Perhaps I just want to engage in some form of masochism. Or perhaps I simply need to be the leader since I've stopped caring and trying. Things that are fleeting give me a sense of motivation.

I wish to improve. But I also need to be consistent with that, which is something I struggle with.
A follow-up to this is part of a conversation that I engaged in with an acquaintance, describing where I was/am currently in my life:

"So like- do you ever get a lot of nostalgia for a time that you were miserable and kinda wanna go back to that? Like it's the memories and good times you wanna go back to more than relive the actual experience"

Absolutely. I may have had a hard time back then, but it's a lot better to feel something and then express it; rather than being numb and refusing to allow oneself any form of relief, whereas you draw out that agonizing sensation as much as possible.

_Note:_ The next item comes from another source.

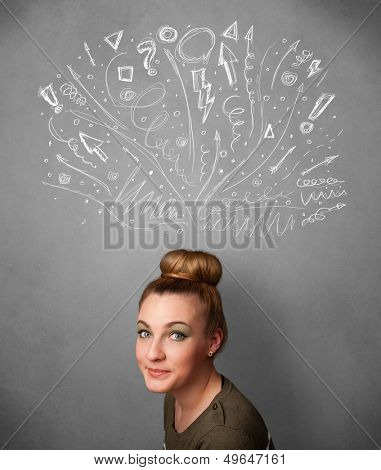 Pretty young woman with many sketched arrows pointed in different directions above her head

I was depressed as hell, but at least I was mainly just responsible for school (the highest expectation) and had my hobbies/hyperfixations to fall back on. Not the concept that I'm in my twenties and yet feel the same way.

So no, you're not alone in that.

Not to get all weird and life-lesson-y, but whatever you're going through, try to avoid feeding into that feeling/mindset. It eventually turns into an addiction. You can become reliant on it and eventually incorporate it into your personality.